LFB : Les réactions des gens, elles sont bonnes ?

FC : Ouais, de plus en plus, là j’ai de gens qui viennent me voir après les concerts, ce qui est intéressant aussi c’est qu’il y a les réseaux, t’as des gens qui m’envoient des messages “comment il s’appelle ce morceau où t’as dis contre-jour” ou je ne sais quel mot qu’ils ont retenu, du coup je peux leur dire le titre du morceau, et leur dire que ça sort bientôt donc les réseaux pour ça c’est formidable.

LFB : Pour avoir pu écouter ton EP, je trouve qu’il y a une vraie sincérité dans tes paroles et une vraie recherche, et justement je me demandais si tu vois ta musique comme une espèce de thérapie. Tu t’inspires de ton réel ?

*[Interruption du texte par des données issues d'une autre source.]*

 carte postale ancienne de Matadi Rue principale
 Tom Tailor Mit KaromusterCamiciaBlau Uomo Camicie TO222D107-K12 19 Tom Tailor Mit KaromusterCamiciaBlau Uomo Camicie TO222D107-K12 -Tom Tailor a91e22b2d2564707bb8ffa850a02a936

FC : Il y a plusieurs choses, moi mon travail c’est l’écriture à la base, si tu veux j’ai commencé par ça, je ne faisais pas de musique avant mais j’écrivais déjà, et je suis venu au rap par l’écriture. J’écrivais des petits poèmes et des trucs bizarres et je me suis aperçu que c’était rythmique comme écriture, j’écoutais les Sages Poètes de la Rue, des trucs à l’ancienne et j’me suis dit faut que je fasse un truc, d’autant plus que c’est la première musique à laquelle je suis sensible et la première musique que je connais.
Maintenant je suis en train de dévier vers des trucs un peu plus rock et une pensée plus grunge de l’affaire mais en fait la musique j’y suis venu par là. 
Pour répondre à ta question sur la catharsis, je ne pense pas parce que ce serait très présomptueux, pour moi c’est le spectateur qui vit la catharsis par rapport à toi, moi il n’y a rien de cathartique dans ce que je fais, je suis juste dans une démonstration, ce que je suis en train de faire en fait c’est effectivement régurgiter mon réel. Il y a des trucs assez romancés mais je fais pas de storytelling, donc en fait c’est comment romancer, contourner le réel, d’aller d’un point A à un point B, c’est comme l’harmonie d’un morceau quand tu fais un passage d’accord, de sol à do en passant par Nanna.

LFB : Je trouve que tu utilises beaucoup les assonances, et je me demandais si faire de ta voix un instrument à part entière, un truc qui groove et a une vraie rythmique propre, c’était une idée que tu avais dès le départ ou c’est quelque chose que tu as travaillé au fur et à mesure?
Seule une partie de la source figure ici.